1. Download a dataset from Roboflow
2. Explore the data
3. Fine-tune YOLO-NAS S with pretrained backbone
4. Evaluate and visualize results
5. Export to ONNX
6. Post-Training Quantization (PTQ)
7. Quantization-Aware Training (QAT)
8. ONNX Runtime inference

**Requirements:** GPU recommended.

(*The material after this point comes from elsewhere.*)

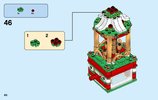 Building Instructions - LEGO - 40293 - Christmas Carousel: Page 40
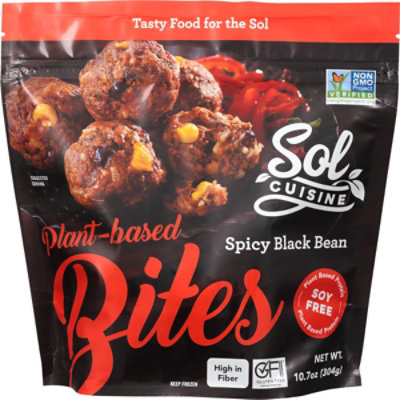 Sol Cuisine Bites Black Bean Spicy - 10.7 Oz - Image 2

Install `roboflow` for dataset download.

In [None]:
# Cell 1: Setup & Download
# Install roboflow if not already installed
# !pip install roboflow

from roboflow import Roboflow

# Replace with your Roboflow API key
# Get one free at https://roboflow.com
rf = Roboflow(api_key="<YOUR_API_KEY>")

# Download Hard Hat Workers dataset (small, 3 classes)
# You can replace this with any Roboflow dataset
project = rf.workspace("lus-gabriel").project("hard-hat-sample-5g5ip")
version = project.version(2)
dataset = version.download("yolov5")

print(f"Dataset downloaded to: {dataset.location}")

In [None]:
# Cell 1b: Parse data.yaml
from pathlib import Path
from modern_yolonas.data import load_dataset_config, YOLODetectionDataset

# Parse the Roboflow data.yaml
cfg = load_dataset_config("./hardhat-dataset/data.yaml")

print(f"Dataset root:  {cfg.root}")
print(f"Num classes:   {cfg.num_classes}")
print(f"Class names:   {cfg.class_names}")
print(f"Train split:   {cfg.train_split}")
print(f"Val split:     {cfg.val_split}")

In [None]:
# Cell 2: Explore Dataset
import cv2
import numpy as np
import matplotlib.pyplot as plt
from collections import Counter

# Load raw dataset (no transforms) for exploration
train_raw = YOLODetectionDataset(root=cfg.root, split=cfg.train_split)
val_raw = YOLODetectionDataset(root=cfg.root, split=cfg.val_split)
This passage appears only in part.